Several of H.R. 8487’s provisions appear to be inspired by state laws that set standards for the health insurers they regulate. In California, for example, insurers are required to use consistent medical necessity criteria developed by a nonprofit association with relevant expertise, instead of using their own criteria. Lawmakers in Michigan recently required insurers’ prior authorization processes to be standardized. Texas has enacted a “gold card” law that enables providers with a documented history of approval to bypass the prior authorization process.
The growing cost of health care in the U.S. is eating into workers’ paychecks and has led to a crisis of medical debt. Utilization management is one tool that insurers can use to help keep premiums in check, but it comes with significant tradeoffs for patients. Lower premiums are only so helpful for patients when they get big bills for health care services that their insurer refuses to pay.
There are a variety of ways to regulate utilization management to ensure it does not become excessive or inappropriate. Requiring insurers to use standardized prior authorization processes, as several states have done and Congress is considering, can help reduce providers’ administrative burden. Greater transparency, such as requiring insurers to report to HHS on their use of prior authorization, and fully implementing the ACA’s reporting requirements by extending them to group health plans, can help expose when and how insurers’ utilization management tactics become a barrier to medically necessary care.

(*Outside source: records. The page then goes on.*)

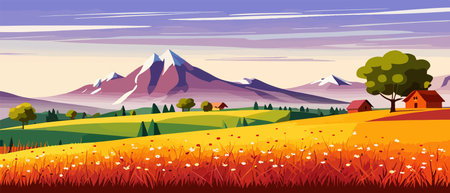 banner Field of spring flowers in the mountains lit by the morning sun vector illustration. Vector illustrationのイラスト素材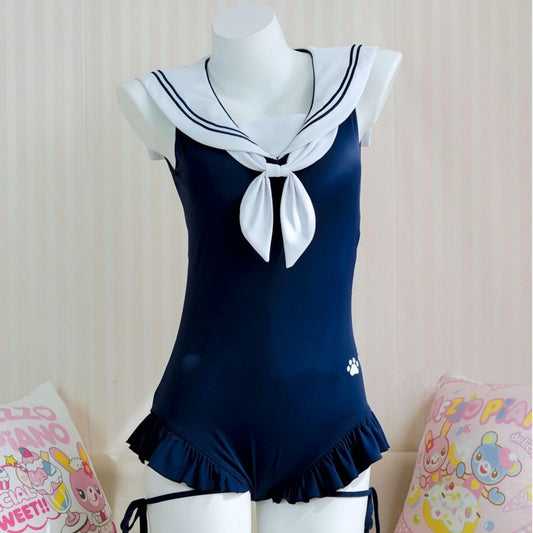 Cat's Paw Sailor Neck Swimsuit PA20073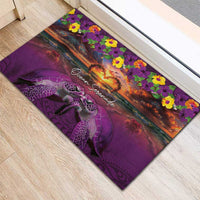 Hawaiian Turtle Love Couple Rubber Doormat Ocean Serenade - Honu Honi Ihu with Hibiscus and Romantic Sunset Purple Color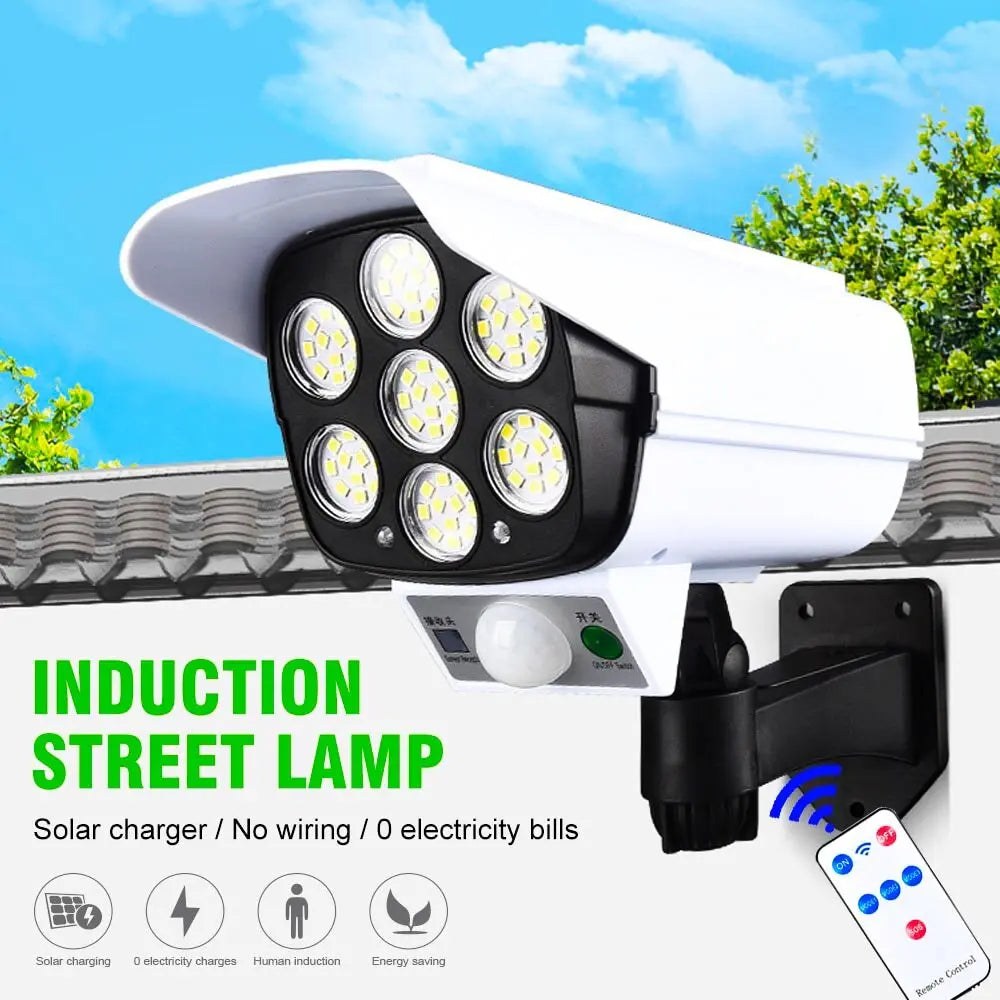 Solar-Powered LED Floodlight with Security Camera Design 180W Power 77LED Aventra Store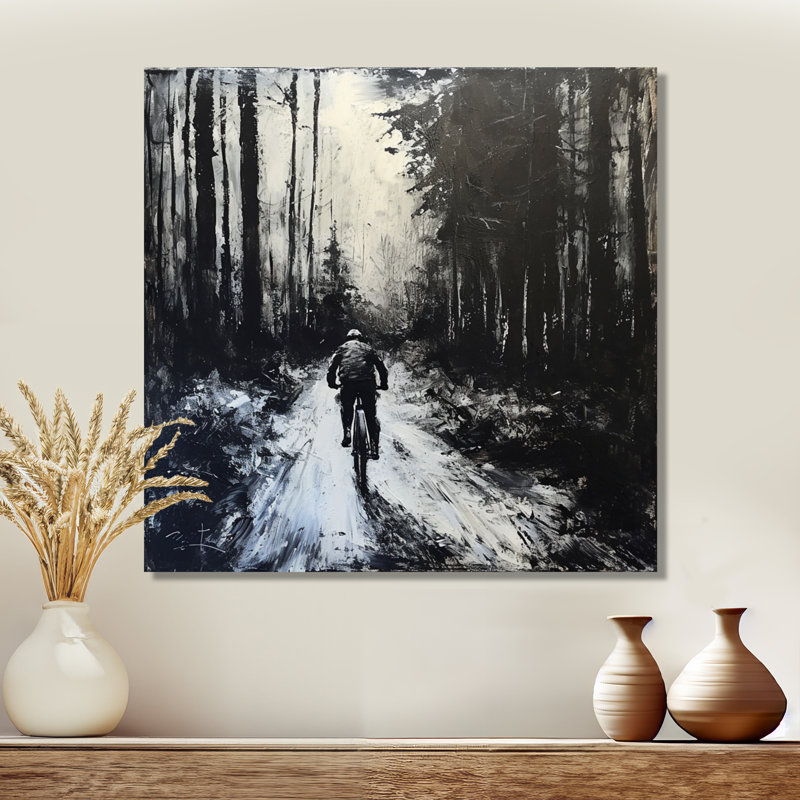 «Biking In The Winter Woods» - Décoration murale vélo, Toile tendue, H 16 po x l 16 po x P 1 po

Utilization management will likely remain an essential pillar of insurers’ cost containment efforts. Patients who have services rejected or claims denied for medically necessary care will need assistance. Recent transparency data from Marketplace insurers suggest that consumers may not be aware of their right to appeal denied claims, or that the process is administratively burdensome. Only 0.1 percent of Marketplace enrollees appealed claim denials in 2020. The Build Back Better Act provided $100 million in federal support for state consumer assistance programs. These programs educate consumers about their insurance rights, resolve consumer complaints and, when necessary, help people navigate the appeals process. Such an investment, in addition to reasonable utilization management reforms, could help ensure enrollees gain access to the services they need.